ISRAELI Prime Minister Benjamin Netanyahu’s address to the US congress last week was the most powerful I have had the privilege of hearing from any leader at any time. Maybe he overegged it; he is, after all, facing election. But Netanyahu and many fellow Israelis believe the threat from a nuclear-armed Iran is real and imminent.
The major powers do not. They believe they can allow Iran to re-emerge as a peaceful nuclear power without weapons.
The Jewish state has been under siege from the beginning.
The promise of a homeland for Jews was made on three occasions: by the British in 1917 (the Balfour Declaration); by the League of Nations in 1922 (the Mandate for Palestine); and in 1947 by the UN General Assembly. The State of Israel was proclaimed in 1948 on the day in which the British Mandate over Palestine expired. The new state was recognised that same day by the US and three days later by the Soviet Union. It was a carve-up of the spoils of victory of World War II. Finally, the Jews got lucky.
The Israelis, as they could now be called, took nothing for granted. They had to defend their new state from the beginning. They still do.
This is the context in which Netanyahu addressed the congress. The Israelis know the Iranian regime and they trust no one else, least of all Europe, to defend them against it. They believe the deal — a short-term freeze of portions of Iran’s nuclear program in exchange for decreased economic sanctions against Iran — being negotiated by Britain, the US, Russia, China and France will not provide safety for Israel.

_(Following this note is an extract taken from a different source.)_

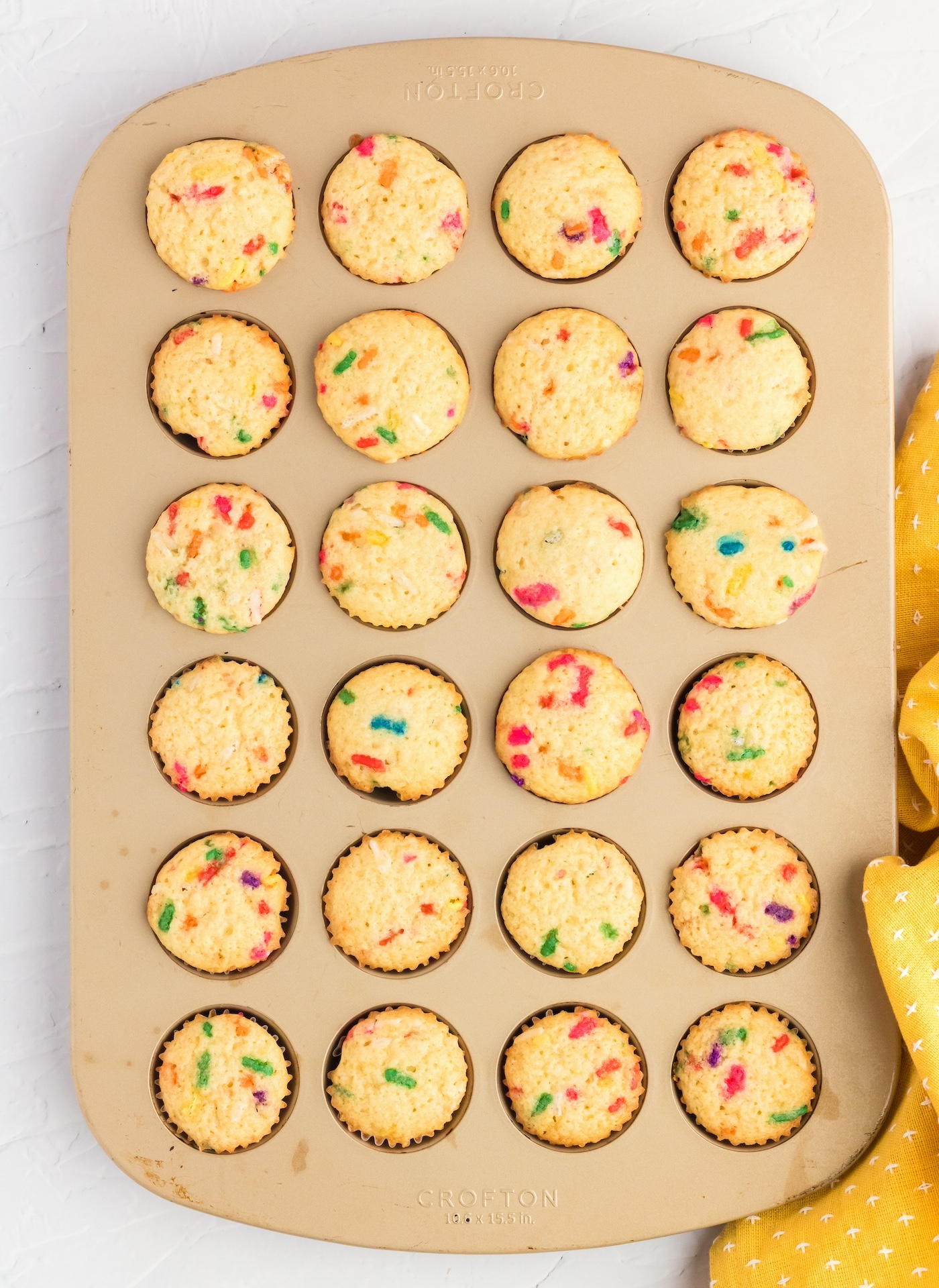 Baked mini muffins with sprinkles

As Netanyahu said in his speech: “To understand just how dangerous Iran would be with nuclear weapons, we must fully understand the nature of the regime. The people of Iran are very talented people … but in 1979 they were hijacked by religious zealots …
“Iran’s goons in Gaza, its lackeys in Lebanon, its Revolutionary Guards on the Golan Heights are clutching Israel with three tentacles of terror. Backed by Iran, (Bashar al-) Assad is slaughtering Syrians. Backed by Iran, Shi’ite militias are rampaging through Iraq. Backed by Iran, Houthis are seizing control of Yemen, threatening the strategic straits at the mouth of the Red Sea. In the Middle East, Iran now dominates four Arab capitals: Baghdad, Damascus, Beirut and Sanaa. And if Iran’s aggression is left unchecked, more will surely follow.”

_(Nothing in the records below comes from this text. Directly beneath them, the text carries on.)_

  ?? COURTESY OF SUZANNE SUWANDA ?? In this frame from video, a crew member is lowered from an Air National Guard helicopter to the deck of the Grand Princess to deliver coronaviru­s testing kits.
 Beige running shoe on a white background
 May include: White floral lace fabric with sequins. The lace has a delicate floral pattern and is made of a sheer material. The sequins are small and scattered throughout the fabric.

Netanyahu’s fear is that cutting a deal with Iran is more likely because Islamic State, also known as ISIS, is the more immediate problem.
“The greatest danger facing our world is the marriage of militant Islam with nuclear weapons. To defeat ISIS and let Iran get nuclear weapons would be to win the battle, but lose the war.” He goes on: “The battle between Iran and ISIS doesn’t turn Iran into a friend of America.” And his zinger line: “When it comes to Iran and ISIS, the enemy of your enemy is your enemy.”
Netanyahu fears the deal is half-baked because it would leave Iran with its nuclear infrastructure, and that it could amass enough weapons-grade uranium or plutonium for a nuclear bomb very quickly.
“This deal is so bad. It doesn’t block Iran’s path to the bomb; it paves Iran’s path to the bomb.”
He counters the argument that Iran’s nuclear knowledge cannot be erased, only managed, with this: “Nuclear know-how without nuclear infrastructure doesn’t get you very much. A race car driver without a car can’t drive.”
This leads Netanyahu to the heart of his proposition: “Without thousands of centrifuges, tons of enriched uranium or heavy water facilities, Iran can’t make nuclear weapons.”
Netanyahu wants to destroy the nuclear hardware. The major powers think this is not achievable. “For the first time in 100 generations, we, the Jewish people, can defend ourselves. Even if Israel has to stand alone, Israel will stand.”
But can Israel attack Iran?
A world without Israel is difficult to imagine, yet it lives under constant threat. Perhaps Israeli electors will agree with the major powers deal and toss Netanyahu. I doubt it.
The text of the establishment of the state of Israel rings out: Israel “made deserts bloom … and created a thriving community controlling its own economy and culture, loving peace but knowing how to defend itself, bringing the blessings of progress to all the country’s inhabitants”.
My Jewish friends, if you ever lose your homeland, come to Australia, make our deserts bloom, create a thriving community and defend it.